Musocco, la metropoli dei morti dimenticati

Era il bosco dei briganti. Oggi vi abitano mezzo milione di anime Evita e il Duce riposarono qui tra partigiani, ebrei e repubblichini

Profuma di folla, il tempio dell'assenza. Eterna immensità di «ei fu». Oltre mezzo milione di persone oggi abitano quel silenzio. Perpetuo. Da dove ogni tanto qualcuno trasloca. Seppur non di propria iniziativa. In fondo, anche la morte è vita. E nulla finisce per sempre. Perché non si muore davvero finché esiste al mondo qualcuno che ricordi. E il segreto dell'immortalità è un pensiero.

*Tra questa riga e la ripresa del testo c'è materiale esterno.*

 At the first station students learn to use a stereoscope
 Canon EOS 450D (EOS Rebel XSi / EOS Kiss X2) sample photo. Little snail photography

Insolente. Vigliacco. Dolce.

Un tempo lontano era un bosco. La Merlata, si chiamava. Era il nome del torrente che lo attraversava. E, dopo lunghi chilometri, si sposava con il Lambro. Una terra inospitale. Fatta di acquitrini. Paludosa. Patria del nulla e di briganti. Il Trentuno. Il Girometta. Lo Zopeghetto. Il Ferracino. Rigoletto. Scagnozzi al soldo di Giacomo Legorino e Batista Scorlino. Rapinavano chi vi si arrischiava. Lo uccidevano. E si spartivano bottini, fatti di fiorini e scudi d'oro.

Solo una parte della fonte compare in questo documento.